John 10:30 says that Jewish leaders were seeking to seize Him. They were already determined to kill Him. He had already eluded their grasp, but if He returned to Bethany, they were certain to find out, and they would try again to seize Him.
“Let us go to Judea again” (v.7). The disciples thought this was crazy. They said, “Rabbie, lately the Jews sought to stone You, and are You going there again?” (v.8). They frankly did not want to go back to Jerusalem. The ministry in the wilderness was phenomenal. In Jerusalem, they all risked being stoned. Now was not a good time for a visit to Bethany, which was virtually within sight of the temple, where Jesus’ bitterest enemies had their headquarters.
Jesus said to them plainly, ‘Lazarus is dead. And I am glad for your sakes that I was not there, that you may believe. Nevertheless, let us go to him” (Vv.13-15). Now they understood. Jesus had to go back. He was determined to do so. There would be no talking Him out of it. To them, it must have seemed like the worst possible disaster. They were convinced that if Jesus returned to Bethany, He would be killed. But He had made up His mind.
It was at this point that Thomas spoke up. Here, we meet him for the first time in all the Gospel records. “Then Thomas, who is called the Twin, said to his fellow disciples, ‘Let us also go, that we may die with Him’” (v.16). Now that is pessimistic, and that’s typical for Thomas. He could see nothing but disaster ahead. He was convinced Jesus was heading straight for a stoning. But if that is what the Lord was determined to do, Thomas was determined to go and die with Him. Thomas did not want to live without Jesus. If Jesus was going to die, Thomas was prepared to die with Him.

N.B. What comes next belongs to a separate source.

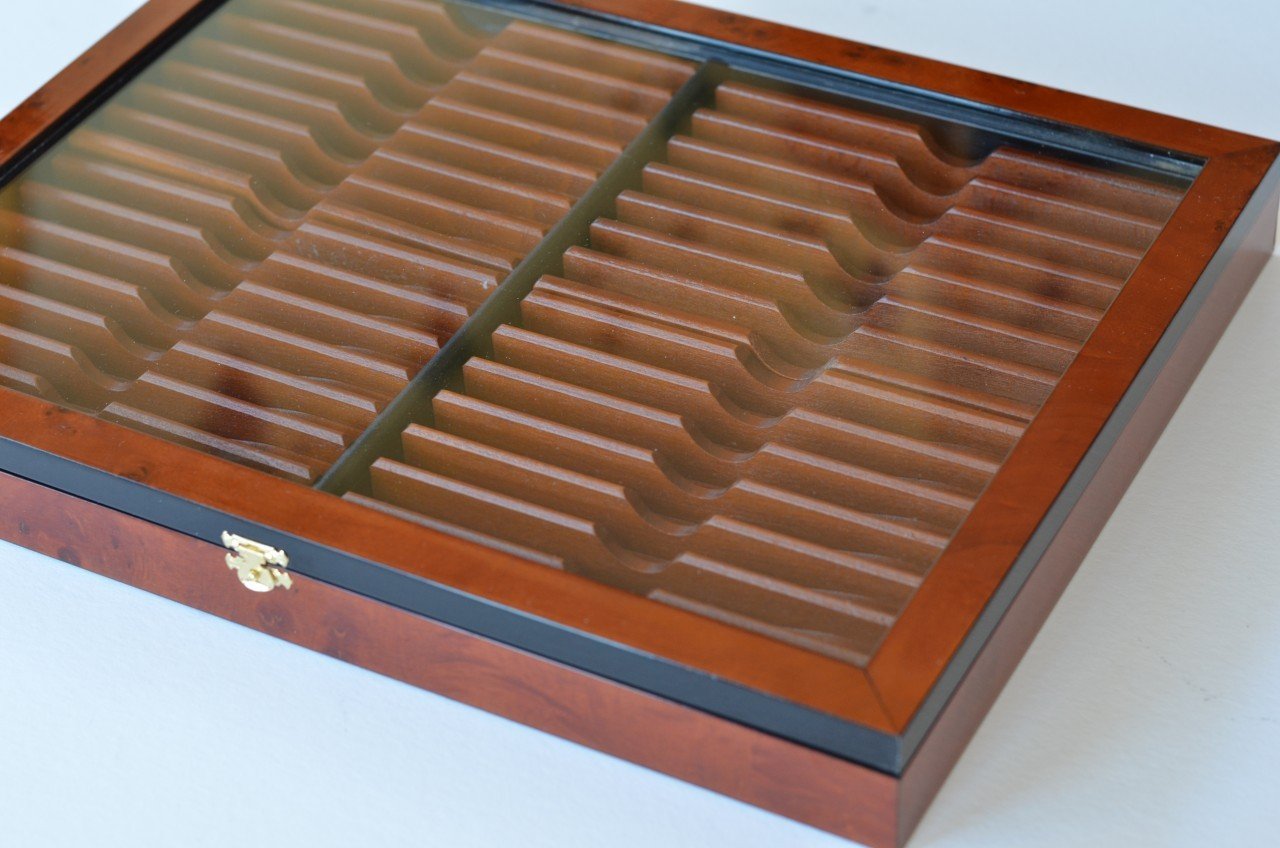 Buy ThiersIssard Deluxe Elm Straight Razor Storage Display Case, 28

Thomas had no illusion that following Jesus would be easy. All he could see were the jaws of death opening to swallow him. But he followed Jesus with undaunted courage. If necessary, he was resolved to die with his Lord rather than forsake Him.
Thomas’ profound love for the Lord shows up again in John 14. Jesus was telling them of His imminent departure. “I go to prepare a place for you” (John 14:2). In verse 5, Thomas speaks: “Thomas said to Him, ‘Lord, we do not know where You are going, and how can we know the way?’” In essence, he was saying, “If we died together, we would all be together. But if You just go, how will we ever find You? We don’t even know how to get there.”

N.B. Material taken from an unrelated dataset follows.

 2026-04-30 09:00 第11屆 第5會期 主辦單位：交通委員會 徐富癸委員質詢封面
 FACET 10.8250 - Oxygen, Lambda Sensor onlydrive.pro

Here is a man with deep love. His heart was broken as he heard Jesus speak of leaving them. He was shattered. The thought of losing Christ paralyzed him. He had become so attached to Jesus in those years that he would have been glad to die with Christ, but he could not think of living without Him.
We pick up the next picture of Thomas in John 20. After Jesus’ death, all the disciples were in deep sorrow. But they all got together to comfort one another. Except for Thomas. John 29:24 says, “Thomas, called the Twin, one of the twelve, was not with them.” It is too bad he wasn’t there because Jesus came and appeared to them. Thomas missed the whole thing. Why wasn’t he there? He was probably off somewhere wallowing in his own misery. He was not in the mood to socialize. He wasn’t in the mood to be in a crowd, even with his friends.

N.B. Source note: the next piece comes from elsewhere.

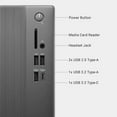 thumbnail image 2 of Dell - Desktop - Intel Core Ultra 5 225 - 16GB Memory - 1TB SDD - Black, 2 of 5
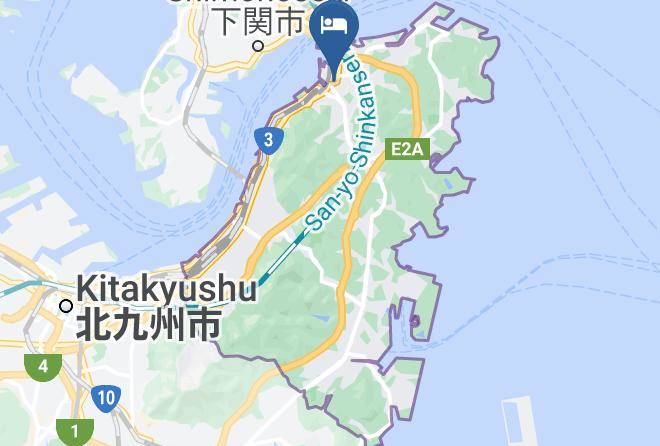 Kitakyushu City Moji Ward - Hotel Port Moji Maps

John 20:26 says that eight days passed after Jesus appeared to the disciples again. Finally, Thomas’ grief had eased a bit. Because when the apostles were returned to the room where Jesus appeared to them, this time Thomas was with them. Once again, “Jesus came, the doors being shut, and stood in the midst, and said, ‘Peace to you!’” (v.26). No one needed to tell Jesus what Thomas had said. The Lord was amazingly gentle with him. Then Thomas made the greatest statement ever to come from the lips of the apostles: “My Lord and my God!” (v.28). Suddenly, Thomas’ negative, moody tendencies were permanently banished by the appearance of Jesus Christ. And at that moment, he was transformed into a great evangelist.
Are you beginning to get the idea of what kind of people God uses? He can use anyone. Personality, status, and family background are all immaterial. The one thing all these men except Judas had in common was a willingness to acknowledge their own sinfulness and look to Christ for grace.